Note that Judy's Magic Rib will always have a visible half-stitch shift at the cast-on row. I happen to think this is an endearing feature, but I know Judy doesn't love it.

Thank you Judy for sharing your ingenious cast-on with all of us!

Below are some images that I hope will clarify the process of doing JMCO-purl. You need to get comfortable with this before you can master Judy's Magic Rib. (10/23 Addendum: Note that the exact method here shown for starting JMCO-purl is a little different from what I show in a later post, "A crash course in Illustrator." The newer one is better!)

1. Put the yarn around the bottom needle with the ends coming toward you, the non-working end (red) coming over the top. Get ready to swing the working (purple) yarn up with your forefinger so it crosses in front of the non-working (red) end.

2. With your forefinger, continue upwards; swing the working (purple) yarn up and over the top needle, bringing it back through between the needles.

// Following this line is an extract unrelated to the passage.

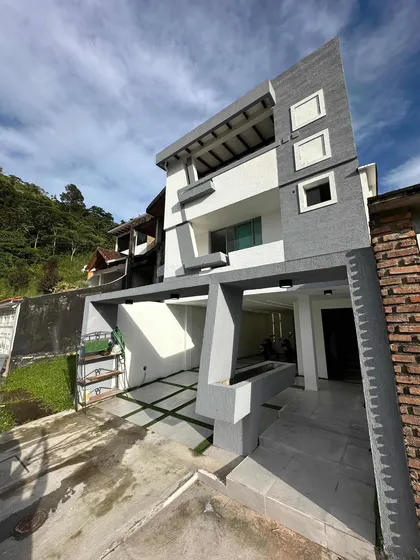 Casa En Venta Colinas De Pirineos Gc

3. With your thumb, grab the non-working (red) yarn...
(The working yarn is now IN FRONT of the bottom needle -- sorry this is a bit obscured in the photo).

... and swing it in front of the working (purple) yarn, and up and over the bottom needle.

4. After you swing the non-working (red) yarn over the needle, rotate your hand clockwise.

5. After you have rotated, use your forefinger to bring the working (purple) yarn up, over, and between the needles.

6. Then, as in step 3, grab the non-working (red) yarn with your thumb and bring it in front of the working yarn, and over the bottom needle.

You now have two stitches on your needles. From here, continue from step 4 (in which you rotate your hand).

Hope this helps to clarify Judy's Magic Cast-On in purl. Stay tuned for written instructions for Judy's Magic Rib!

Sunday, October 4, 2009

Is there a topologist in the house?

Seriously. Because I would really like to know what is the proper name for this form:
It's a double-knit moebius. But what's the mathematical name of this thing? It's got a half-twist, so it must be a moebius. But it has an inside and an outside, which means it has volume, so it can't be a moebius. So what is it? (My best guess: some kind of twisted toroidal form). If there are any topologists out there reading this, I hope you know the answer, and that you will let me know.

Here is my latest video, which explores these topics.
(View in YouTube).

Here's where this saga began...

Once upon a time I learned from Cat Bordhi's book A Treasury of Magical Knitting how to knit a moebius. Pretty cool. Then I heard through the grapevine that Judy Becker had made a doubleknit moebius, which naturally made me want to try to make my own. Only I wanted mine to be continuous, with no insertion point. The image above is what I came up with. The red crochet chain shows where the stitches came off the needles.

While I was knitting it, I was vastly curious what I would end up with if I bound off the edges separately and unfurled it, instead of grafting the edges together. So, here's what you get if you pull off the crochet chain...

Pull the sides apart...

Untwist, and voilá!
To my complete surprise, I found it to be the *exact same* form that you get if you cut an ordinary moebius down its center axis: a tube with 720 degrees (2 full turns) of twist.

Ergo, you can take this form and re-shape it into an ordinary moebius (note how the knit and the purl sides meet in the middle here):

I don't know about you but I thought, oh man, this is way cool!!

If you stuff the closed form to give it some volume, you get this:

Note how the half-twist goes away as it gains volume, and instead you get a spiral running through the middle. Awesome!